(6 years, 5 months ago)
Commons ChamberNo, I will not.
If Lords amendment 19 is agreed to, it will be a recipe for the EU to try to get no deal so that we will have to go back from this Parliament, cap in hand, and ask for changes. What it really wants is for those changes to be staying in the single market, staying in the customs union, still having the European Court of Justice looking over us, still paying our money—more and more money—and reversing the decision. Whatever is said today, this is really about whether we believe in giving people the right to have their say. We said in the letter that went to everyone, which cost a huge amount of money:
“This is your decision. The Government will implement what you decide.”
In addition to the referendum, will the hon. Lady reflect on the fact that at last year’s general election, both parties stood on a ticket of leaving the customs union, ending freedom of movement and repatriating our laws. Both parties were quite unequivocal, and that result needs to be respected.

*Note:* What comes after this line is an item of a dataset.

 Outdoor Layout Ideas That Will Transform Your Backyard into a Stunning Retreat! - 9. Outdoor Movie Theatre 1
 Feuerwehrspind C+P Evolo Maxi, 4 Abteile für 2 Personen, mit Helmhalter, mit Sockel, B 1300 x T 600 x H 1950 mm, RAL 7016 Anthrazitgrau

The hon. Gentleman is right that all the manifestos referred to honouring Brexit by leaving the customs union and the single market. Labour put it in a slightly more nuanced way, but, particularly in leave areas, people were told that we would be leaving the single market and the customs union.
This will be very important vote. As we have heard, it is absolutely crucial that we do not allow Lords amendment 19 to be carried. Today we must make a decision. We either support those 17.5 million people who voted to leave, or we say that we will allow people who really want to stop Brexit—by using procedural mechanisms, legal challenges and legal words—to put the whole thing in doubt. I am confident that, in the end, we will not allow the Lords—the unelected House of Lords, which is full of former EU commissioners and people who are funded by the European Union—to decide what we are going to do.